Returns the lowest and the greatest of the given values.

  • (1 - 2) Returns references to the smaller and the greater of a and b.

    • (1) Uses operator<.
    • (2) Uses the given comparison function comp.
  • (3 - 4) Returns the smallest and the greatest of the values in initializer list ilist.

    • (3) Uses operator<.
    • (4) Uses the given comparison function comp.

Parameters

a
b

The values to compare.

ilist

Initializer list with the values to compare.

cmp

Comparison function object (i.e. an object that satisfies the requirements of Compare) which returns true if a is less than b.

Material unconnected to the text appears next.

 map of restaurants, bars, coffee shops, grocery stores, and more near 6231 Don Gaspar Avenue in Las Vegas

The signature of the comparison function should be equivalent to the following:

bool cmp(const Type1 &a, const Type2 &b);

While the signature does not need to have const&, the function must not modify the objects passed to it and must be able to accept all values of type (possibly const) Type1 and Type2 regardless of value category (thus, Type1& is not allowed, nor is Type1 unless for Type1 a move is equivalent to a copy (od C++11)).

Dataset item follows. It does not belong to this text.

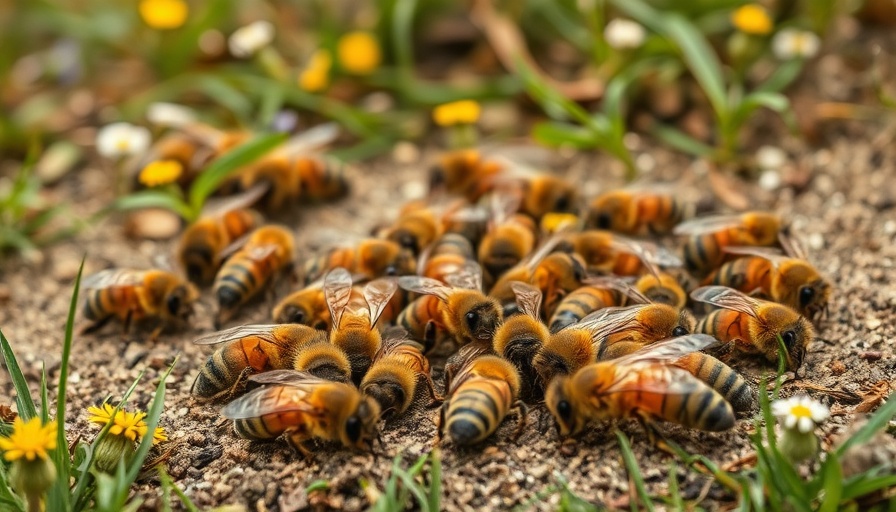 Mass honey bee deaths depicted with lifeless bees on ground.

The types Type1 and Type2 must be such that an object of type T can be implicitly converted to both of them.

Type requirements

Return value

  • (1 - 2)

    • If a < b or a == b, returns the result of std::pair<const T&, const T&>(a, b)
    • Otherwise, returns std::pair<const T&, const T&>(b, a).
  • (3 - 4) A pair with the smallest value in ilist as the first element and the greatest as the second.
    If several elements are equivalent to the smallest, the leftmost such element is returned.
    If several elements are equivalent to the largest, the rightmost such element is returned.

Complexity

  • (1 - 2) Exactly one comparison.
  • (3 - 4) At most ilist.size() * 3 / 2 comparisons.

Exceptions

(none)

Possible implementation

minmax (1)
template<class T>
constexpr std::pair<const T&, const T&> minmax(const T& a, const T& b)
{
return (b < a) ? std::pair<const T&, const T&>(b, a)
: std::pair<const T&, const T&>(a, b);
}
minmax (2)
template<class T, class Compare>
constexpr std::pair<const T&, const T&> minmax(const T& a, const T& b, Compare comp)
{
return comp(b, a) ? std::pair<const T&, const T&>(b, a)
: std::pair<const T&, const T&>(a, b);
}
minmax (3)
template<class T>
constexpr std::pair<T, T> minmax(std::initializer_list<T> ilist)
{
auto p = std::minmax_element(ilist.begin(), ilist.end());
return std::pair(*p.first, *p.second);
}
minmax (4)
template<class T, class Compare>
constexpr std::pair<T, T> minmax(std::initializer_list<T> ilist, Compare comp)
{
auto p = std::minmax_element(ilist.begin(), ilist.end(), comp);
return std::pair(*p.first, *p.second);
}

Notes

Undefined Behavior

For overloads (1 - 2), if one of the parameters is a temporary, the reference returned becomes a dangling reference at the end of the full expression that contains the call to minmax:

int n = 1;
auto p = std::minmax(n, n + 1);
int m = p.first; // ok
int x = p.second; // undefined behavior

// Note that structured bindings have the same issue
auto [mm, xx] = std::minmax(n, n + 1);
xx; // undefined behavior

Examples

Main.cpp
#include <algorithm>
#include <cstdlib>
#include <ctime>
#include <iostream>
#include <vector>

int main()
{
std::vector<int> v {3, 1, 4, 1, 5, 9, 2, 6};
std::srand(std::time(0));
std::pair<int, int> bounds = std::minmax(std::rand() % v.size(),
std::rand() % v.size());

std::cout << "v[" << bounds.first << "," << bounds.second << "]: ";
for (int i = bounds.first; i < bounds.second; ++i)
std::cout << v[i] << ' ';
std::cout << '\n';
}
Possible output
v[2,7]: 4 1 5 9 2
This article originates from this CppReference page. It was likely altered for improvements or editors' preference. Click "Edit this page" to see all changes made to this document.
Hover to see the original license.

std::minmax( ) algorithm

// (1)
template< class T >
constexpr std::pair<const T&, const T&> minmax( const T& a, const T& b );

// (2)
template< class T, class Compare >
constexpr std::pair<const T&, const T&> minmax( const T& a, const T& b,
Compare comp );

// (3)
template< class T >
constexpr std::pair<T, T> minmax( std::initializer_list<T> ilist);

// (4)
template< class T, class Compare >
constexpr std::pair<T, T> minmax( std::initializer_list<T> ilist, Compare comp );

Returns the lowest and the greatest of the given values.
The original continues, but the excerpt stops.